_Problem_. Count, in the data that follows, every line with the string "Image", and give that count as the whole reply.

_Records for this exercise_.

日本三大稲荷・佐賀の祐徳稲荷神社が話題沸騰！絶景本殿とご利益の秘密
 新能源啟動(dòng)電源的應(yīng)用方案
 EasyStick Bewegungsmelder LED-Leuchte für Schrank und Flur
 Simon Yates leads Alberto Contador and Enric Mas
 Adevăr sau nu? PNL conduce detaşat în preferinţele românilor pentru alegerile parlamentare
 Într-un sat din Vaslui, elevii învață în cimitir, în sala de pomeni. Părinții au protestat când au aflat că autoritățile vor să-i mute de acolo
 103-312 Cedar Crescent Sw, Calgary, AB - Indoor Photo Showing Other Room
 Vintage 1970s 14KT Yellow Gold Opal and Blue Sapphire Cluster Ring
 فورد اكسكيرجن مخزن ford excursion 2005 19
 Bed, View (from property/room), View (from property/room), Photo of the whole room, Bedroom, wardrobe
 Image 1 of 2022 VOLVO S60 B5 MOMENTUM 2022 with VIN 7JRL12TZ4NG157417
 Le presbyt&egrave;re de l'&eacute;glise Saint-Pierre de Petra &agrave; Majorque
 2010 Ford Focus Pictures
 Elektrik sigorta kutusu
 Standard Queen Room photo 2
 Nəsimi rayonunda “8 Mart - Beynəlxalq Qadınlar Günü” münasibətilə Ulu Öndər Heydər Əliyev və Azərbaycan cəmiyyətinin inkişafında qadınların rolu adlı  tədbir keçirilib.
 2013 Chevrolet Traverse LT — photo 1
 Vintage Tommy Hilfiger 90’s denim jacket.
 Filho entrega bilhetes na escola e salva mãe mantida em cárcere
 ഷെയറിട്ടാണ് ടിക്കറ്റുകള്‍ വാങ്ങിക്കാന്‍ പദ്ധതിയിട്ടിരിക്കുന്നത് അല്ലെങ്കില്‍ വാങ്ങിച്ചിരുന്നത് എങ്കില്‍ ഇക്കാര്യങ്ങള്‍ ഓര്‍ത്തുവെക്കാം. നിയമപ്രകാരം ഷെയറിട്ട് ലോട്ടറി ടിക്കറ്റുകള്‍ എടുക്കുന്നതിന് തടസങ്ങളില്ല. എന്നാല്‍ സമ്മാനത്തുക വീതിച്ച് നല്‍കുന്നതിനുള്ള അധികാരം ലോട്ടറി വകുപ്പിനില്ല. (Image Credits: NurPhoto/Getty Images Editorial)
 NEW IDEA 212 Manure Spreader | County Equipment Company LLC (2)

_Worked solution_. 2